* [Task goal]: Only the lines in the entries below from the line with "3D illustration of" to the line with "Produktbild von 1x", both included, belong in the answer, transcribed exactly and without pictures.

* [Data supplied]:
- - -

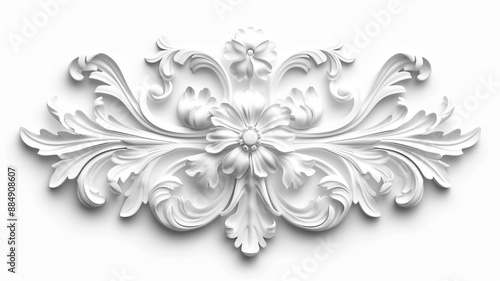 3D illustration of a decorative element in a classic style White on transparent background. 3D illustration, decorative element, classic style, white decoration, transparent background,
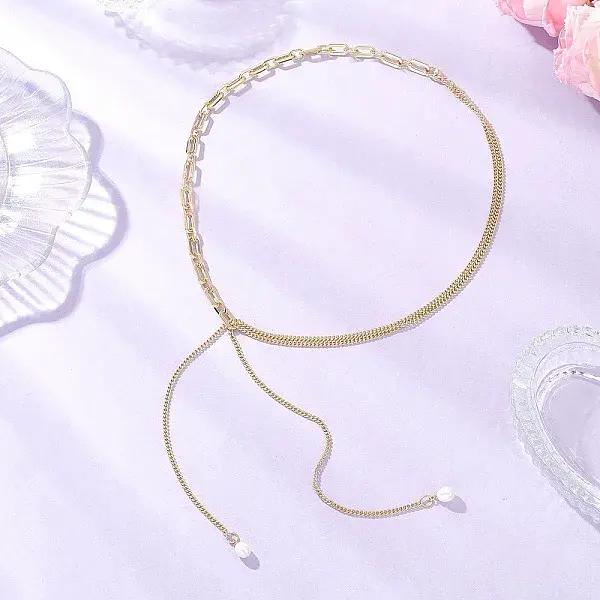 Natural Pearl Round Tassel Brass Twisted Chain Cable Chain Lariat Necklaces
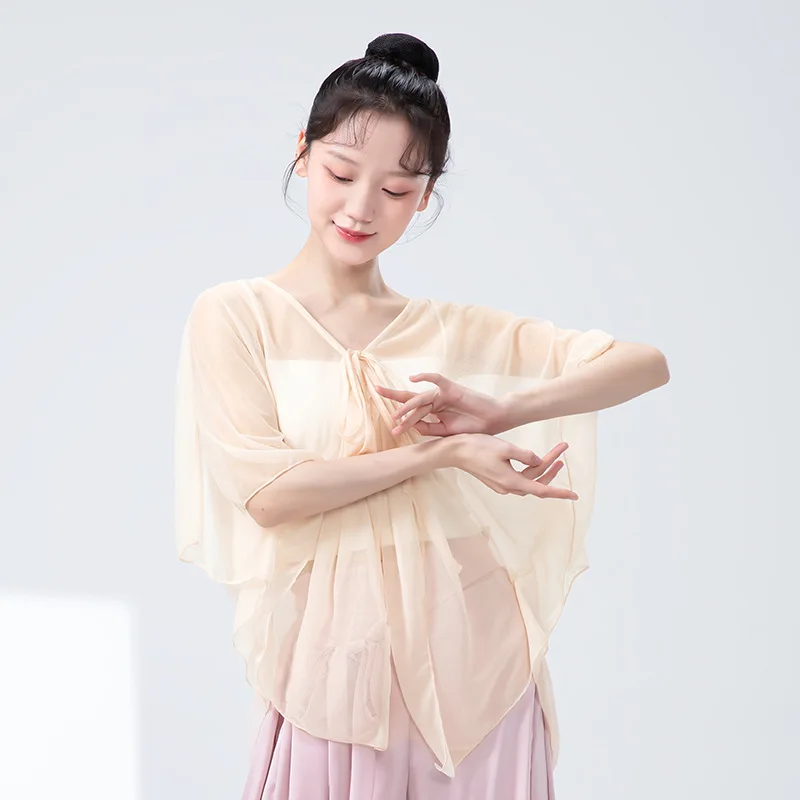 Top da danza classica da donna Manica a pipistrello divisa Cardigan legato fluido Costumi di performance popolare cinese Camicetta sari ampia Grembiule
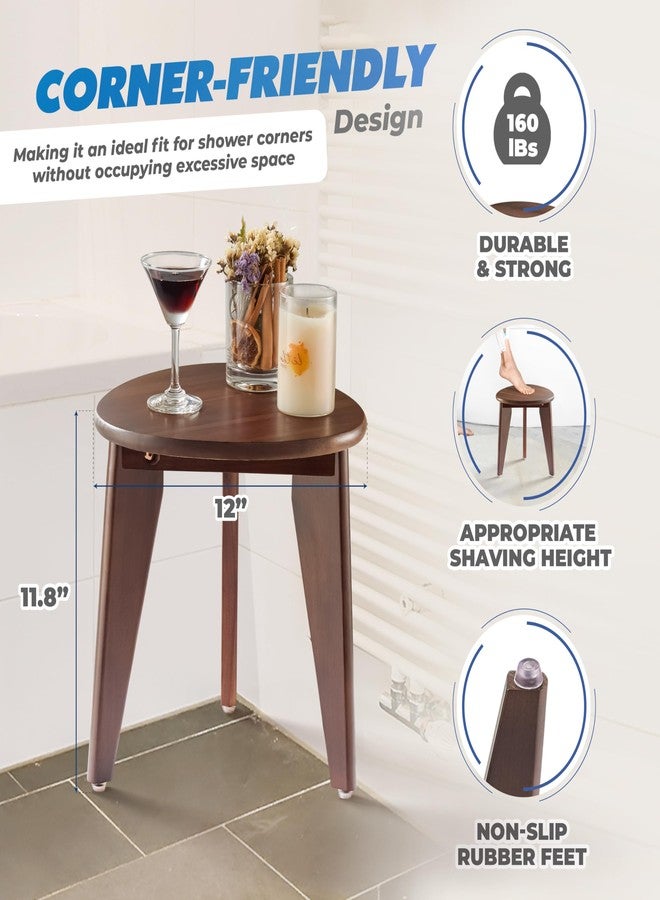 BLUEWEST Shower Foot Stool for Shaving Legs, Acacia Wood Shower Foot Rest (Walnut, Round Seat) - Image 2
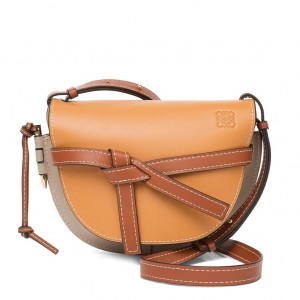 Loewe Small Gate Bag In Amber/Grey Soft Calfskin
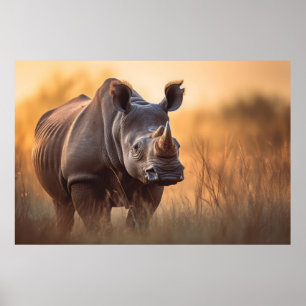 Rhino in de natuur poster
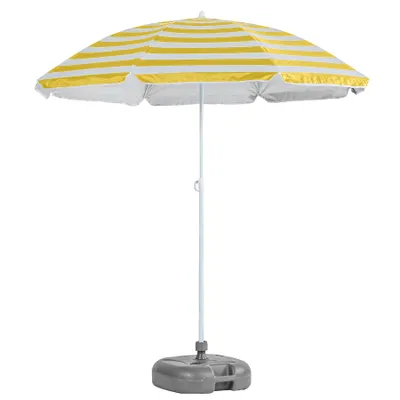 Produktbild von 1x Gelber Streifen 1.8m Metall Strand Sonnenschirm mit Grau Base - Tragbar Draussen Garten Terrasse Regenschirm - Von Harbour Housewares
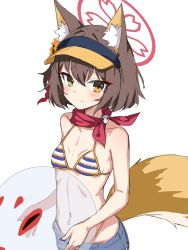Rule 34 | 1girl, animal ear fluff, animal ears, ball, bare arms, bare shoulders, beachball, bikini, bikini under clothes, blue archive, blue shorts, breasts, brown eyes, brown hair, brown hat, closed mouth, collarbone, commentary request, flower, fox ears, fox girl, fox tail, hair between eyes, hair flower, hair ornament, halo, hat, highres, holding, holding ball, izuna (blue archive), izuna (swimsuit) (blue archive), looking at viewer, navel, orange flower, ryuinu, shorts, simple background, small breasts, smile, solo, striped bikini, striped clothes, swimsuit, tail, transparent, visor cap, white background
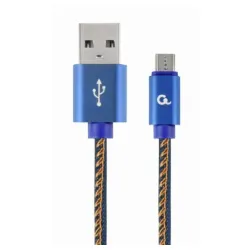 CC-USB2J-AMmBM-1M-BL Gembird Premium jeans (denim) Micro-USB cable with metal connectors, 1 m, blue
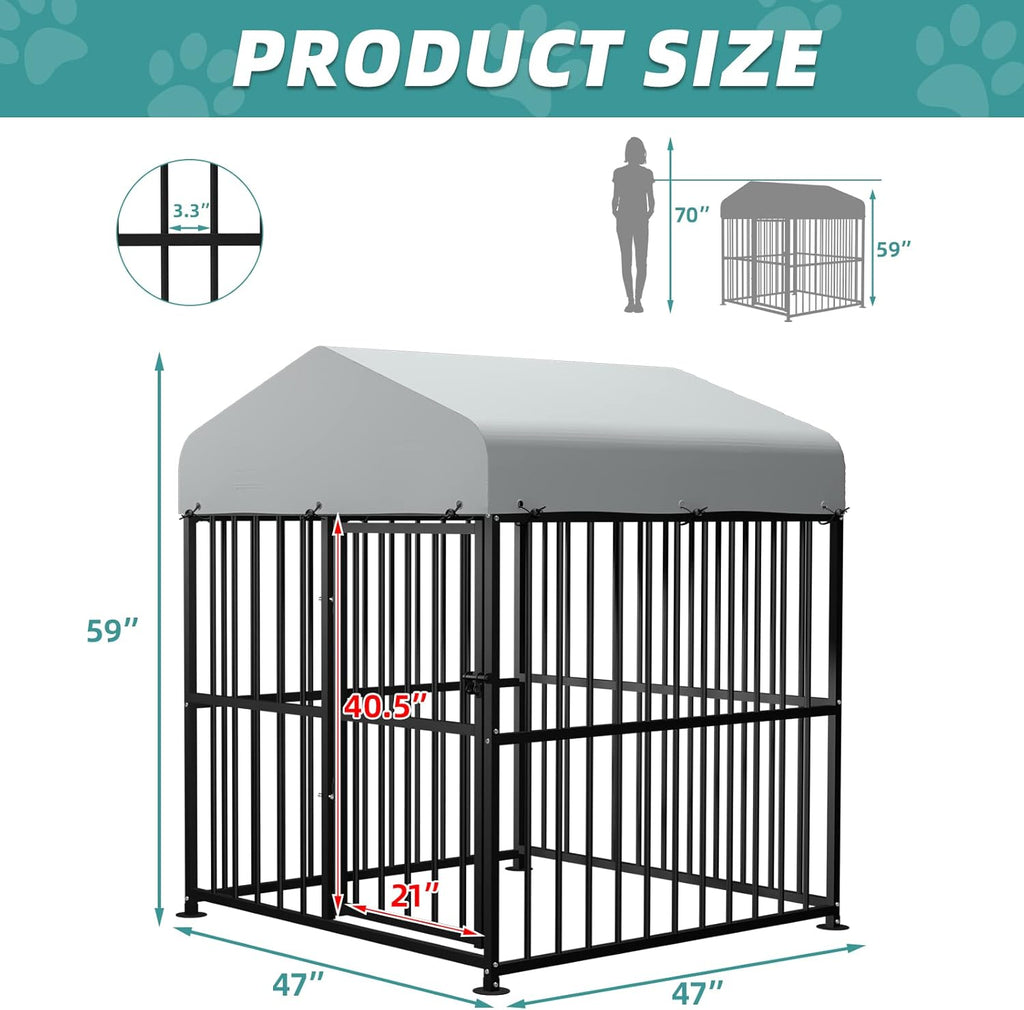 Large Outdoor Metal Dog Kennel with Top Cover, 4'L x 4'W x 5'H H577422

- - -

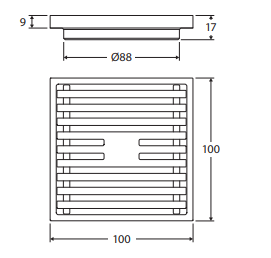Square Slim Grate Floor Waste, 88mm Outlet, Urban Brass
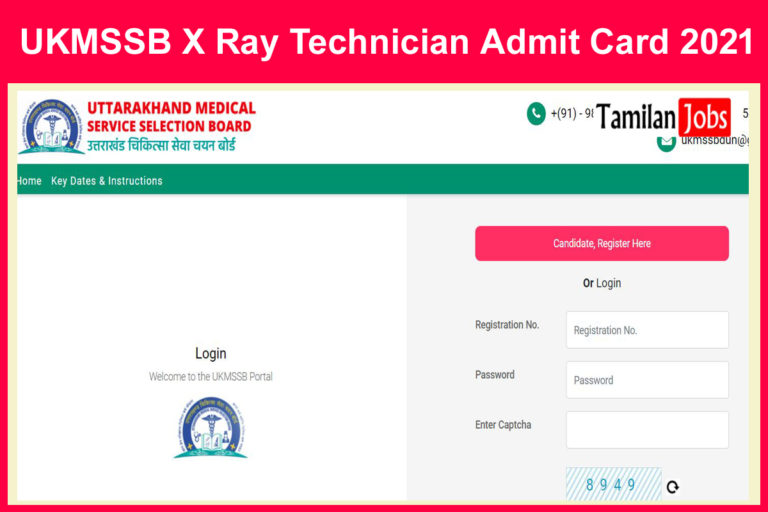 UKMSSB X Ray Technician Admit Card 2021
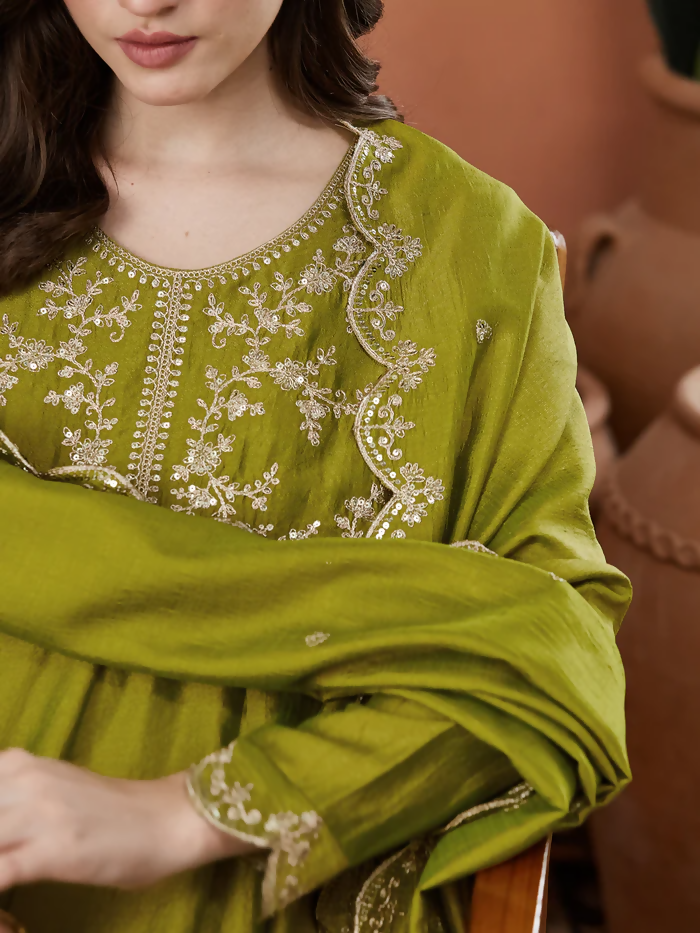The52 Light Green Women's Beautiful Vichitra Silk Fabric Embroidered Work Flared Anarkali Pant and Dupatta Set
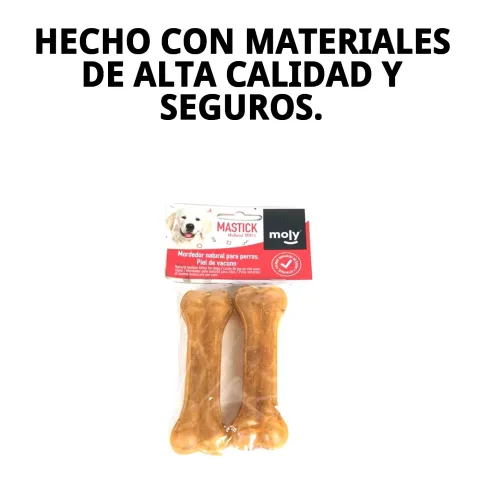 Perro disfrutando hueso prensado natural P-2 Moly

- - -

* [Solved problem]:
 3D illustration of a decorative element in a classic style White on transparent background. 3D illustration, decorative element, classic style, white decoration, transparent background,
 Natural Pearl Round Tassel Brass Twisted Chain Cable Chain Lariat Necklaces
 Top da danza classica da donna Manica a pipistrello divisa Cardigan legato fluido Costumi di performance popolare cinese Camicetta sari ampia Grembiule
 BLUEWEST Shower Foot Stool for Shaving Legs, Acacia Wood Shower Foot Rest (Walnut, Round Seat) - Image 2
 Loewe Small Gate Bag In Amber/Grey Soft Calfskin
 Rhino in de natuur poster
 Produktbild von 1x Gelber Streifen 1.8m Metall Strand Sonnenschirm mit Grau Base - Tragbar Draussen Garten Terrasse Regenschirm - Von Harbour Housewares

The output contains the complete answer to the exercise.